#### PROBLEM REQUIREMENTS
When you copy the records that follow, please keep every word exactly as it is and leave out the pictures.

#### DATA
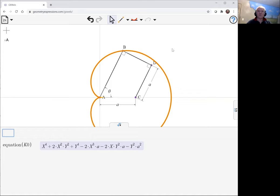There we have it, the equation of the cardioid. Thank you.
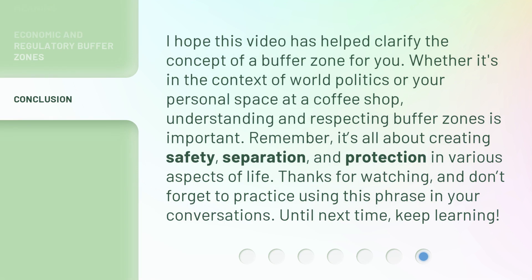I hope this video has helped clarify the concept of a buffer zone for you. Whether it's in the context of world politics or your personal space at a coffee shop, understanding and respecting buffer zones is important. Remember, it's all about creating safety, separation, and protection in various aspects of life. Thanks for watching, and don't forget to practice using this phrase in your conversations. Until next time, keep learning!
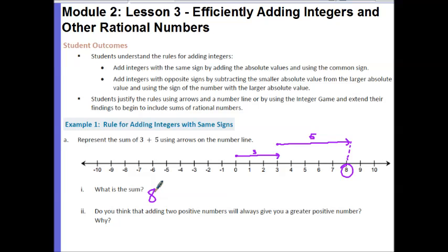Why do you think that adding two positive numbers will always give you a greater positive number? When I start out with a positive I'm moving to the right, and the farther I get away from 0 on the right side the larger my number gets. So when I add on another positive I'm going to get an even larger positive number because I'm moving further away from 0.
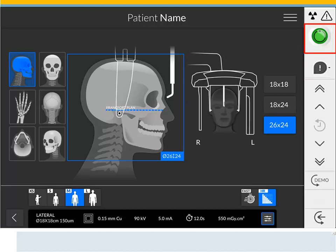Ready Indicator: black indicates the unit is not ready to start acquisition; orange indicates the unit is preparing for acquisition; green indicates the unit is ready to start acquisition. Warning will illuminate if there is an issue with the unit or if special attention is needed — check the user manual if this icon is illuminated. Ionizing Radiation warns you about radiation dangers: blue indicates the X-ray is enabled, gray indicates the X-ray is not enabled.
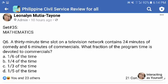Set number 35 for our math series questions. Question number 6. A 30-minute time slot on a television network contains 24 minutes of comedy and 6 minutes of commercials. What fraction of the program time is devoted to commercials?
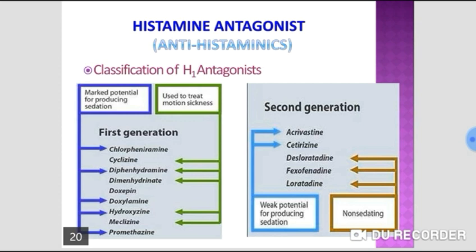Hydrogenation of ergot compounds decreases alpha agonistic activity and increases alpha blocking potential. Therefore, dihydroergotamine has very little vasoconstriction activity. However, ergotamine activity can cause dry gangrene of the hands and feet as well as coronary disorders.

#### SOLUTION FOR THIS PROBLEM
There we have it, the equation of the cardioid. Thank you.
I hope this video has helped clarify the concept of a buffer zone for you. Whether it's in the context of world politics or your personal space at a coffee shop, understanding and respecting buffer zones is important. Remember, it's all about creating safety, separation, and protection in various aspects of life. Thanks for watching, and don't forget to practice using this phrase in your conversations. Until next time, keep learning!
Why do you think that adding two positive numbers will always give you a greater positive number? When I start out with a positive I'm moving to the right, and the farther I get away from 0 on the right side the larger my number gets. So when I add on another positive I'm going to get an even larger positive number because I'm moving further away from 0.
Ready Indicator: black indicates the unit is not ready to start acquisition; orange indicates the unit is preparing for acquisition; green indicates the unit is ready to start acquisition. Warning will illuminate if there is an issue with the unit or if special attention is needed — check the user manual if this icon is illuminated. Ionizing Radiation warns you about radiation dangers: blue indicates the X-ray is enabled, gray indicates the X-ray is not enabled.
Set number 35 for our math series questions. Question number 6. A 30-minute time slot on a television network contains 24 minutes of comedy and 6 minutes of commercials. What fraction of the program time is devoted to commercials?
Hydrogenation of ergot compounds decreases alpha agonistic activity and increases alpha blocking potential. Therefore, dihydroergotamine has very little vasoconstriction activity. However, ergotamine activity can cause dry gangrene of the hands and feet as well as coronary disorders.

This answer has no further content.